24Part of the roadway was slippery due to the collision; on the driver side at the rear it was leaking fluid on the roadway. They ushered Ms. Laplante to the area where it was not wet and slippery. PC Parker had decided Ms. Laplante was the driver due to her position next to the car and putting things in the trunk. As she spoke to her, she developed grounds. Ms. Laplante was answering but she was seeing more signs like slurring speech, rummaging through her purse, delayed motor skills, and holding her vehicle to balance herself up. PC Parker viewed these as indicia of impairment.
25PC Parker moved Ms. Laplante to the ambulance. At 3:18 AM she was formally arrested for impaired driving and her rights to counsel were given. When asked if she understood her rights she said, “no.” When asked if she wanted to call a lawyer, she said, “yes.” When asked if she had a lawyer she said, “no.” When asked if she understood her caution, she said, “no.” PC Parker then asked, “what don't you understand?” Ms. Laplante said, “nothing.” PC Parker said, “so you understand?” Ms. Laplante answered, “no.”
26PC Parker testified that she was of the view that Ms. Laplante had understood everything; she had previously been properly responsive and had followed direction.
27At 3:24 AM PC Parker made a demand for samples of Ms. Laplante's breath. Ms. Laplante again answered that she did not understand when asked. PC Parker was of the view that she did understand; she had said she wasn't going to provide a sample when the demand was being made, but then when asked if she understood had said, “no.” In the prior conversation, Ms. Laplante was answering questions in an appropriate manner. PC Parker believed she was attempting to delay the process.

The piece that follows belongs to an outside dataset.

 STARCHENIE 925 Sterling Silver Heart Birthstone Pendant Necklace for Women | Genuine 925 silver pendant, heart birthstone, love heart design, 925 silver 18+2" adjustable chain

28The BWC was played from 3:29 AM to 3:35 AM. Ms. Laplante asked some questions and was responsive during this section of video. She asked several times if she was going to jail. She was told the hospital then the division, and then it would be up to a judge. She asked if they had found her phone. She asked if she could call someone and was told she could when they could get her privacy. An officer investigating the collision came to try to speak to her, and she told him she understood her right to remain silent.
29Ms. Laplante was transported to hospital. They arrived at 3:50 AM. Ms. Laplante was re-read rights to counsel in the controlled environment and indicated she wanted to speak to counsel. PC Parker called duty counsel at 4:05 AM. They called back at 4:17 AM and Ms. Laplante was given a private consultation.
30PC Parker re-read the breath demand to Ms. Laplante at 4:42 AM. Ms. Laplante now indicated she understood. Ms. Laplante provided samples of breath to a qualified technician. PC Parker served her with notices and a copy of the certificate.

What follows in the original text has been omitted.